Traditional data analytics platforms and software vendors, specifically profit analytics, measure in great detail the profit margin each product unit yields. Taking this fundamental business metric a crucial step further, Profit Velocity also takes into consideration how fast each unit physically flows through key production assets to calculate the “profit per time” generated by those assets when making that item. This next step empowers Profit Velocity to reveal new insights obscured from other business intelligence analytics software, manufacturing analytics tools and software vendors.
From an investor’s perspective, what matters most is how fast an asset makes money. Return on Investment always has been and always will be measured per period of time. While the traditional margin per unit metric is vitally important, it is not the metric investors want to maximize. To gain complete alignment between the goals of investors and the day-to-day decisions and actions of management, decision-makers in marketing, sales, supply chain, and finance need to know in great detail how fast the products they sell are making money.
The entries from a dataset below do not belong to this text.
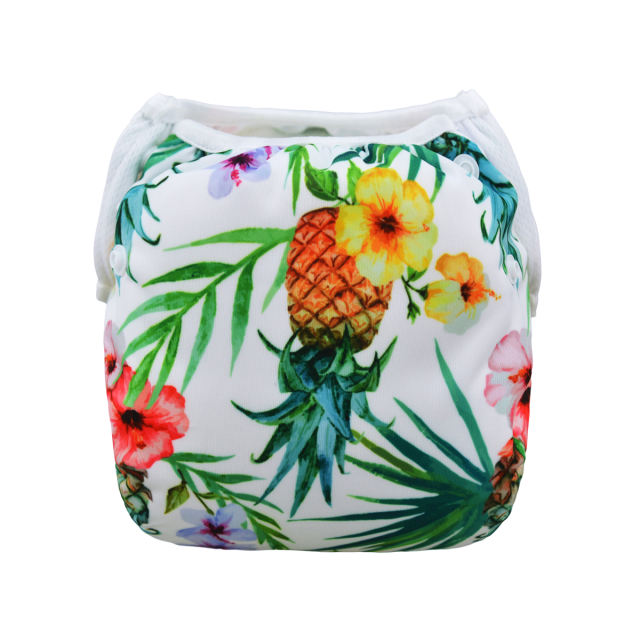 ALVABABY Big Size Printed Swim Diaper- Pineapple(ZSW26A)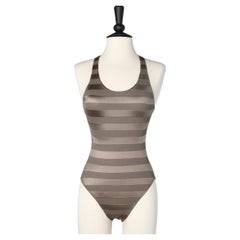 One piece bathing-suit with stripes effects Chantal Thomass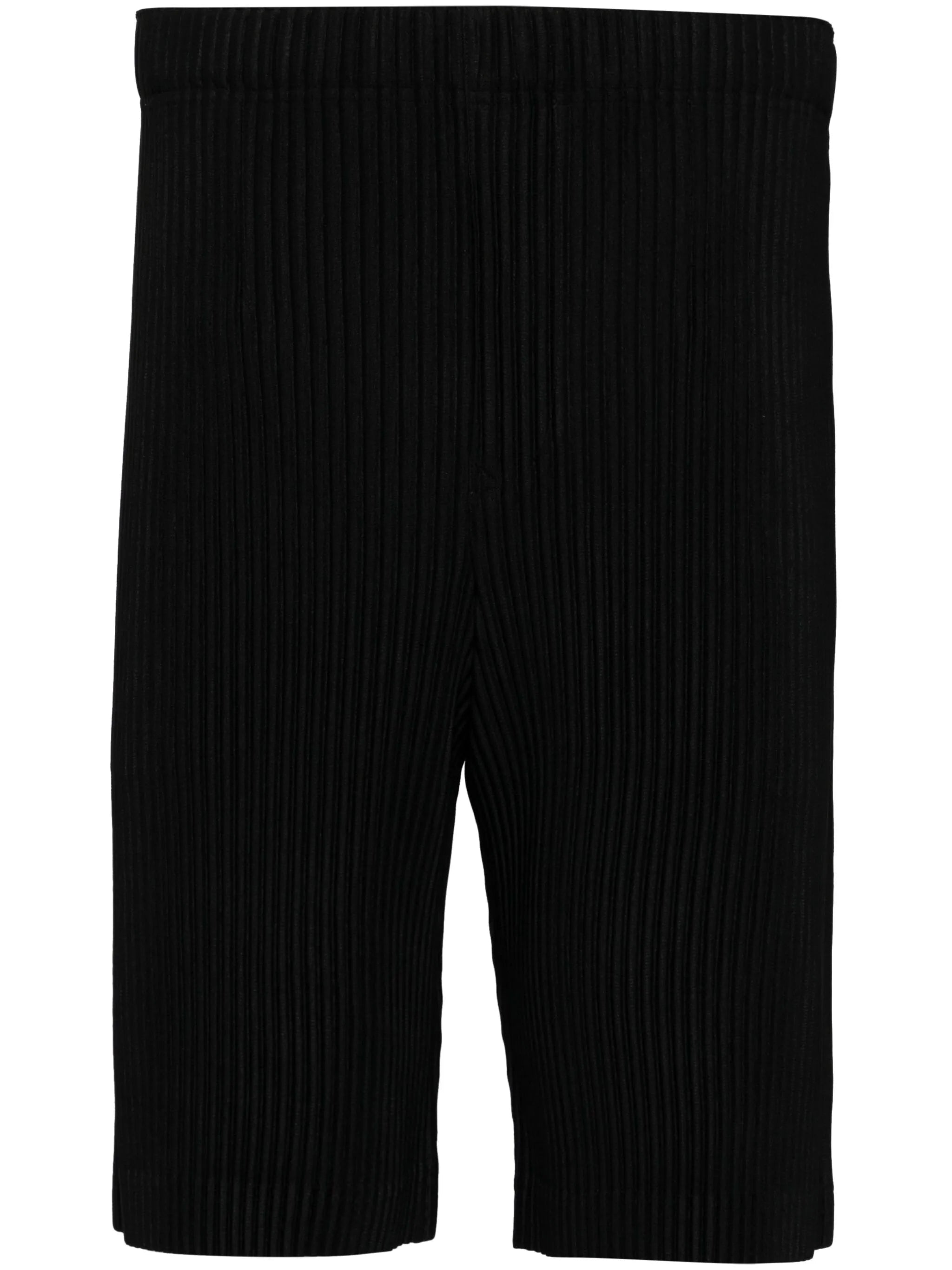 May plissé pleated bermuda shorts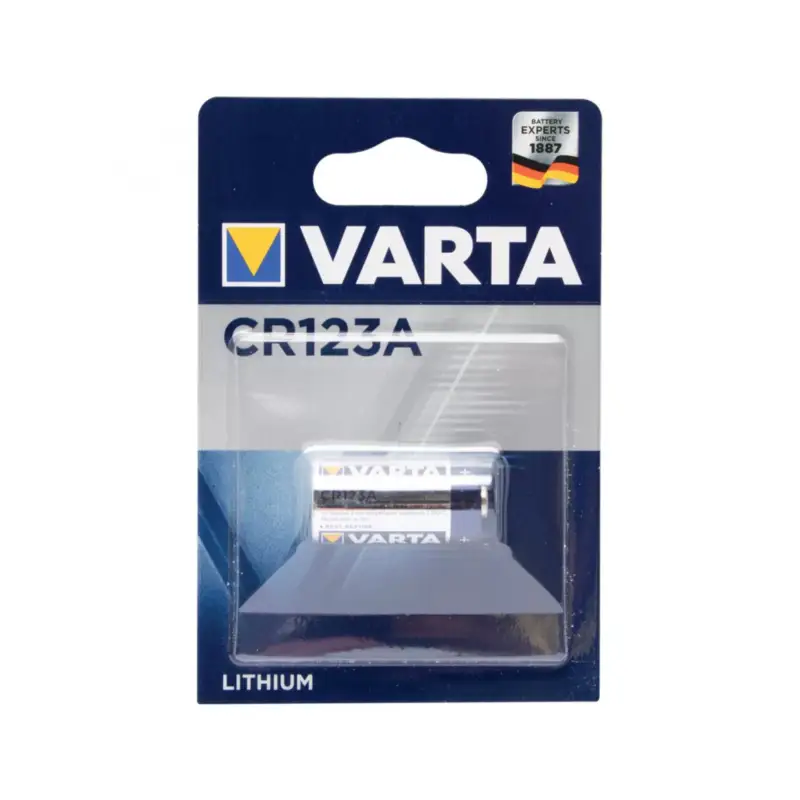 VARTA CR123 elem, lítium, CR123, 3V, 1 db/csomag, VARTA_CR123 Kihagyhatatlan ajánlat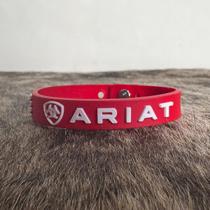 Pulseira Country Silicone Ariat Vermelho Premium Western Top Pulseira Country Silicone Ariat Vermelho Premium Western Top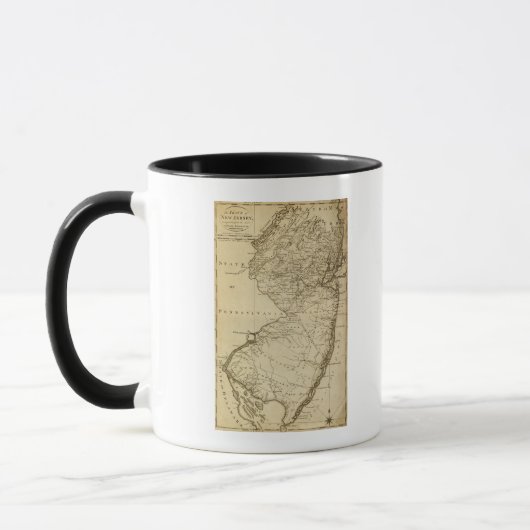New JerseyPanoramakarteNew Jersey Tasse (Links)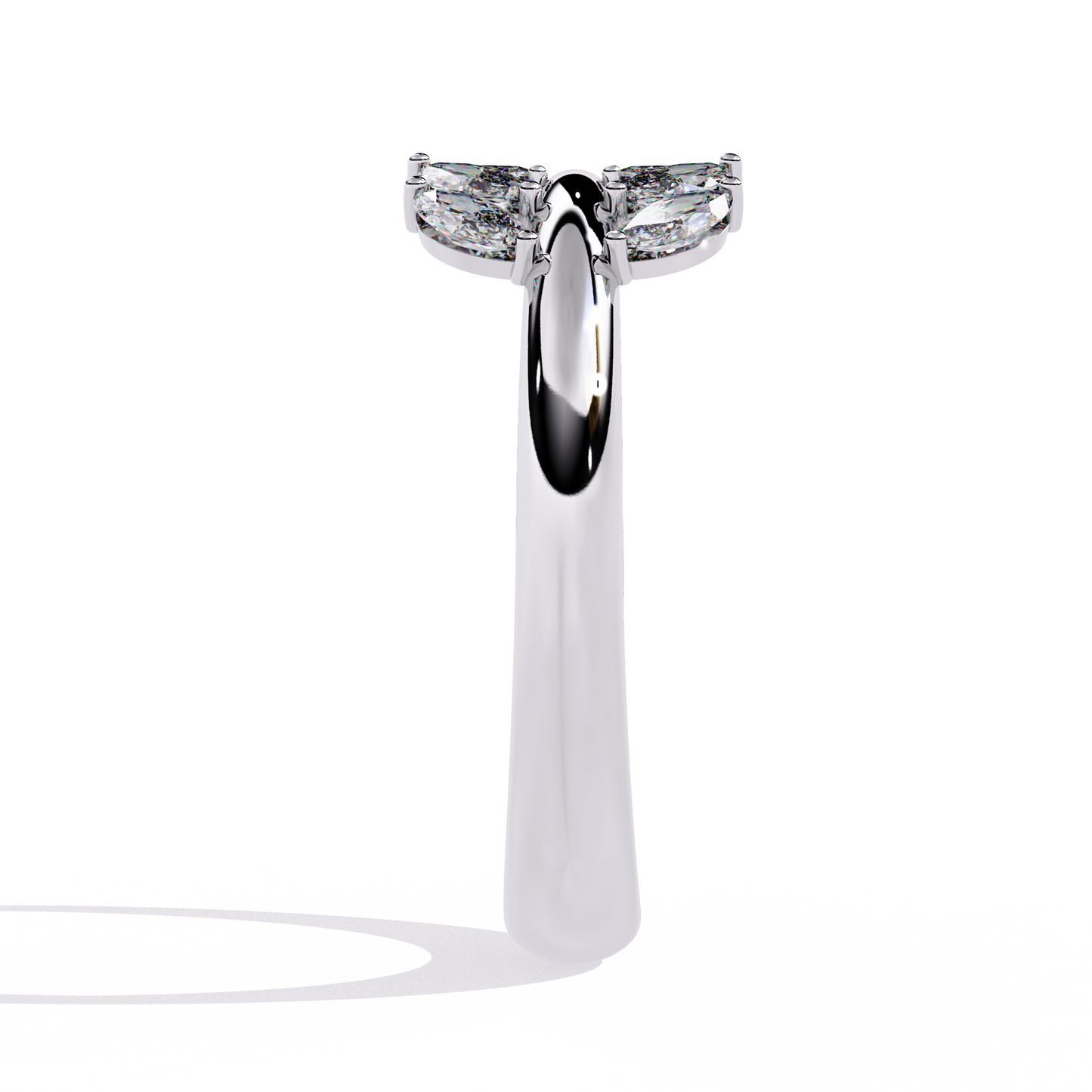 Eterna Petal Diamond Ring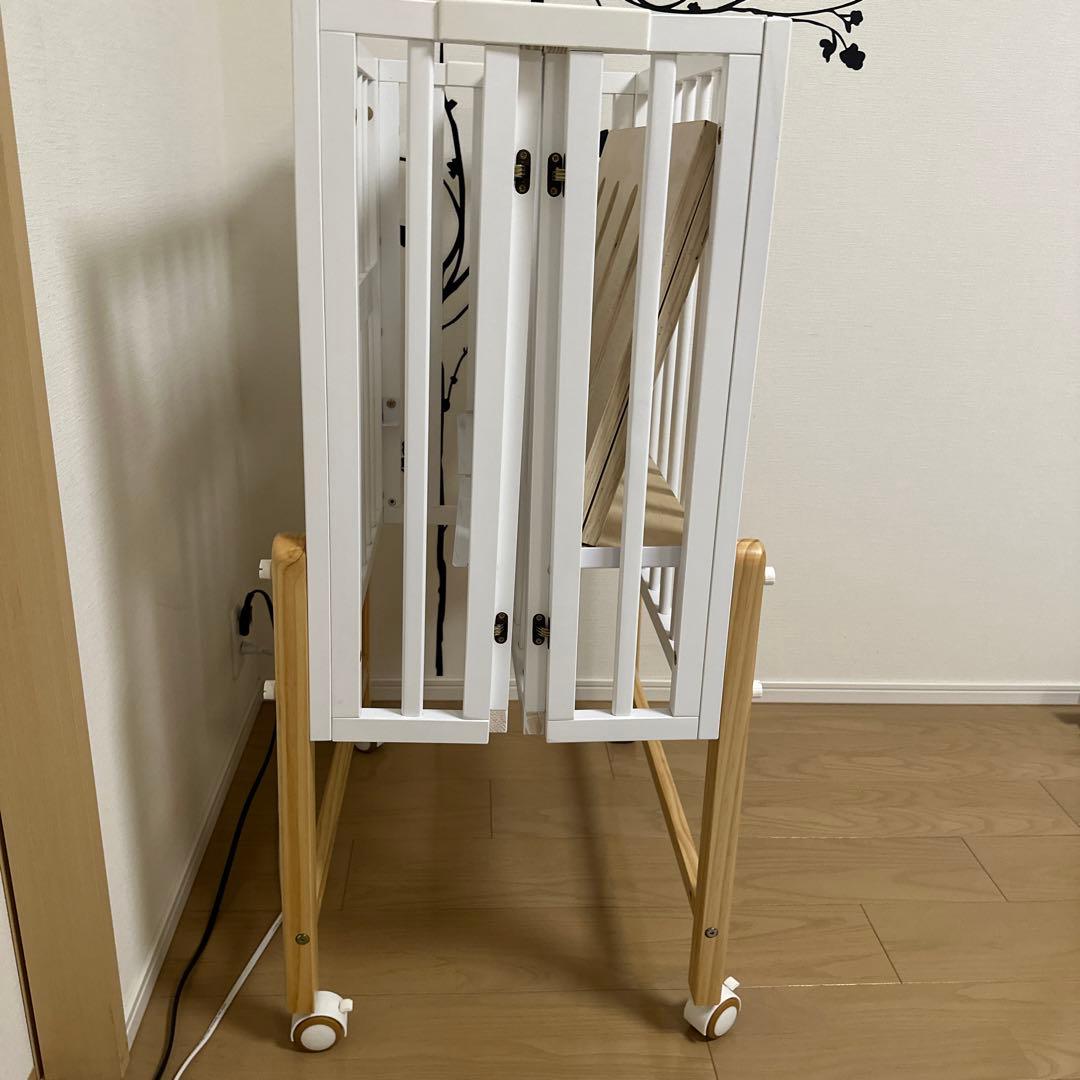 大和屋　パタン2 折りたたみミニベビーベッド　60×90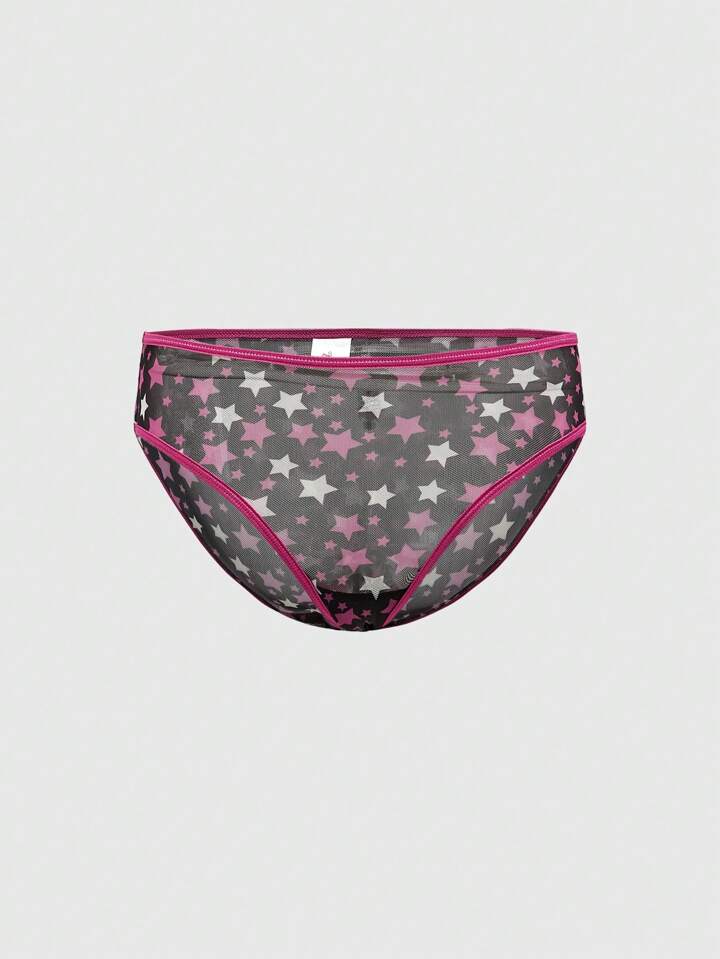 J-Fashion Shibuya Gal Five-Pointed Star & Lace Patchwork Sexy Mesh Lingerie Set 5 J-Fashion Shibuya Gal Five-Pointed Star & Lace Patchwork Sexy Mesh Lingerie Set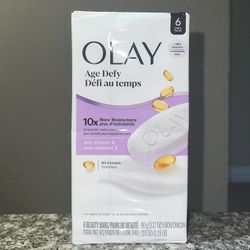 Olay Age Defy Beauty Bar 6ct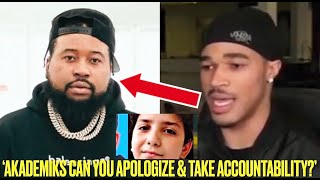 DJ Akademiks CONFRONTED By PlaqueBoyMax To APOLOGIZE Over Grooming Allegations With 15yr Old Kid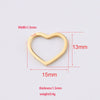 Jewelry Accessories Stainless Steel Hollow Heart Pendant And Ring With Smooth Pattern And Fine Polishing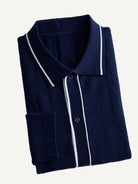 Folded view of OROMEN Contrast Tipped Knitted Sweater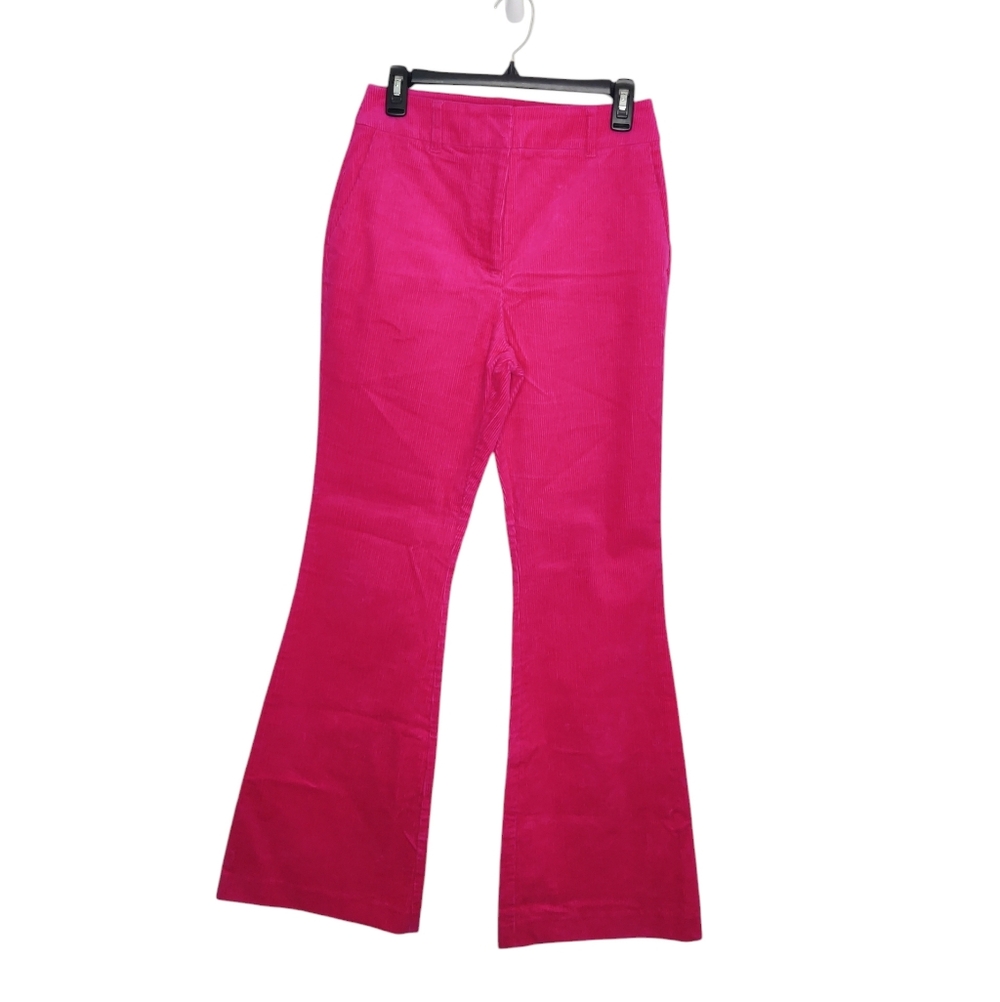 Boden Women's Cord Kick Jeans Size 6 Magenta Corduroy Pants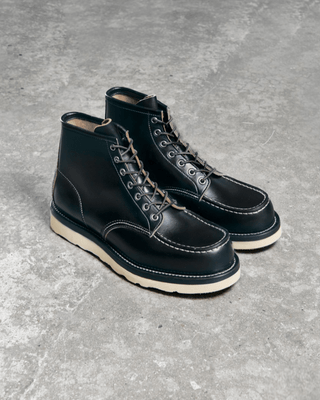 Moc toe boots 1101 - 377K - Brake House - Black - 3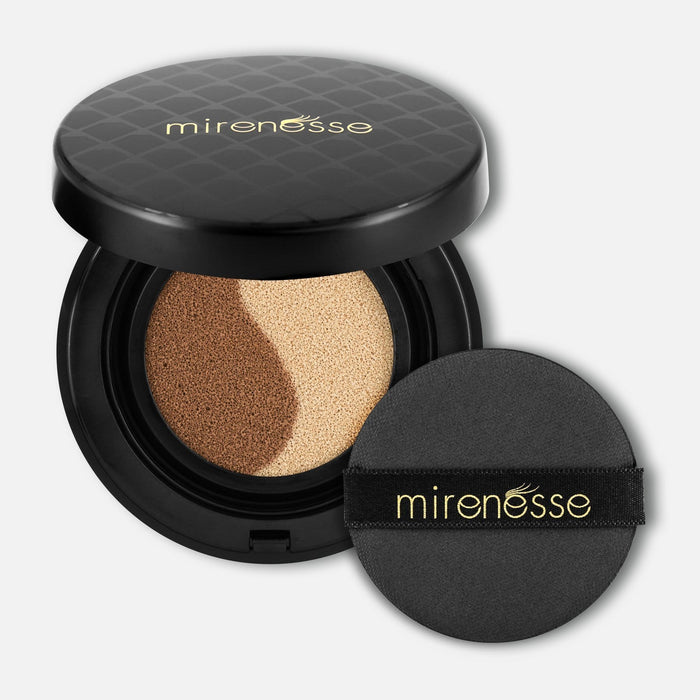 MIRENESSE FOUNDATION 15g / 0.53oz Instant Tanning Gel- 10 Collagen Face Glow Cushion Compact Bronzer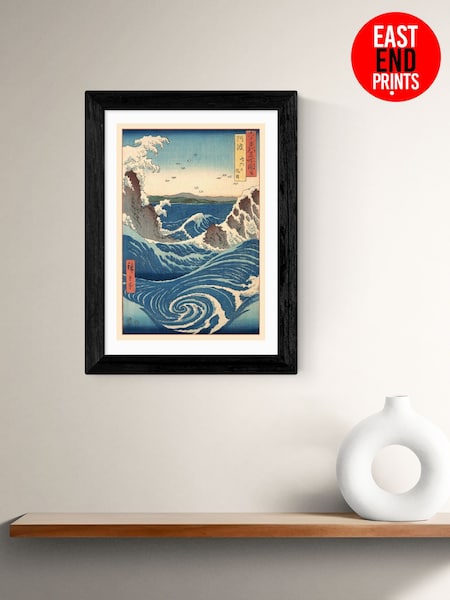 East End Prints Black Famous Views Framed Art Print (F62097) | £50 - £130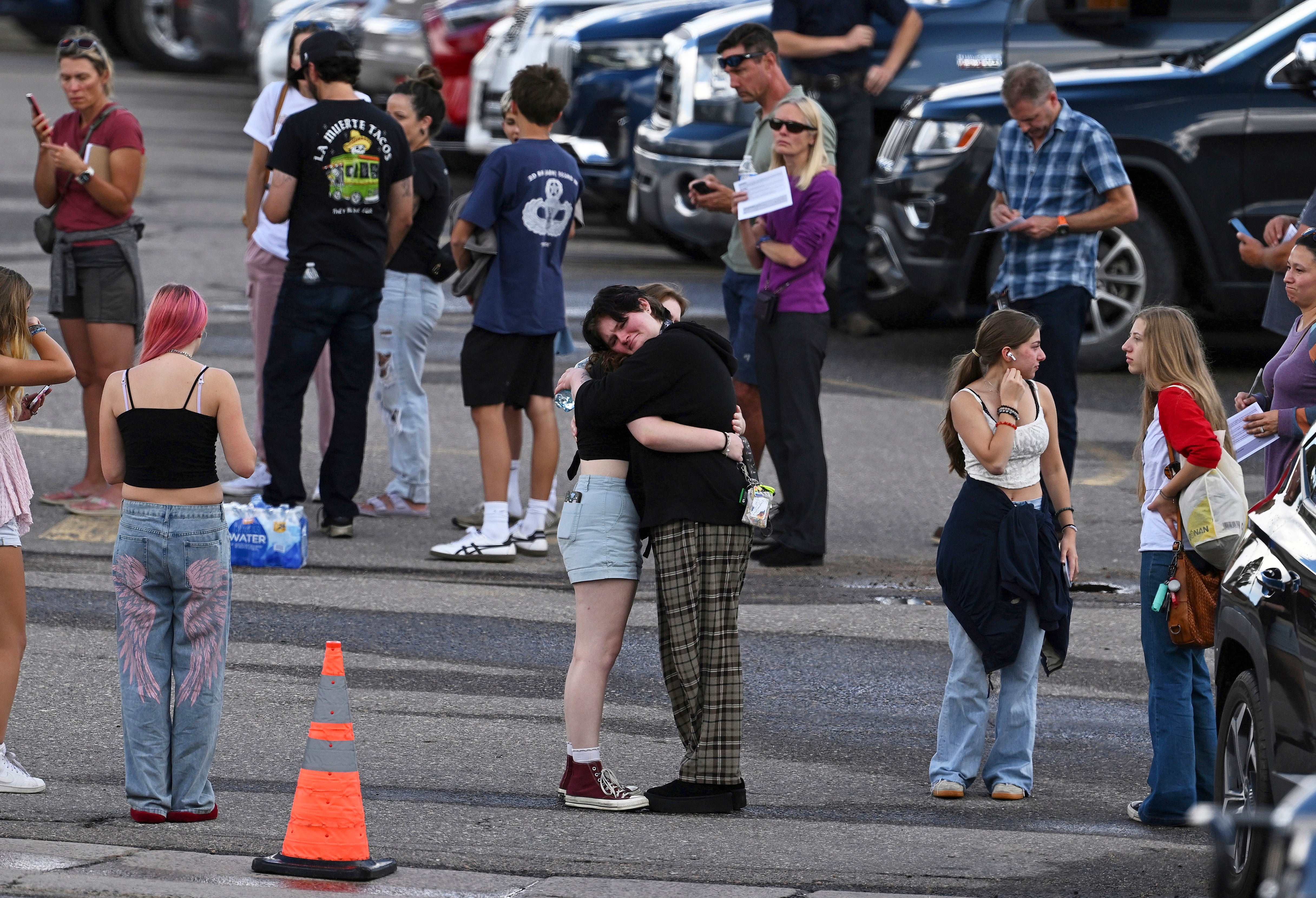 Two students were injured in the shooting last Wednesday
Yet until now, the challenges of inadequate data and a lack of effective information tools, particularly in complex manufacturing businesses with bewildering arrays of customers, products, and assets, it has been impossible for management teams to convert data into visibility and precisely quantify how fast each order, customer, product, or asset produces money. Without access to up-to-date and precise metrics on profit per time, managers have had no alternative but to rely on the profitability figures their conventional systems provide, “margin per unit,” when setting plans, priorities, policies, and prices. The misalignment between investor time-based goals and management unit-based metrics leads to revenue and profit shortfalls that can be quickly remedied by access to the new visibility the PV System uniquely provides.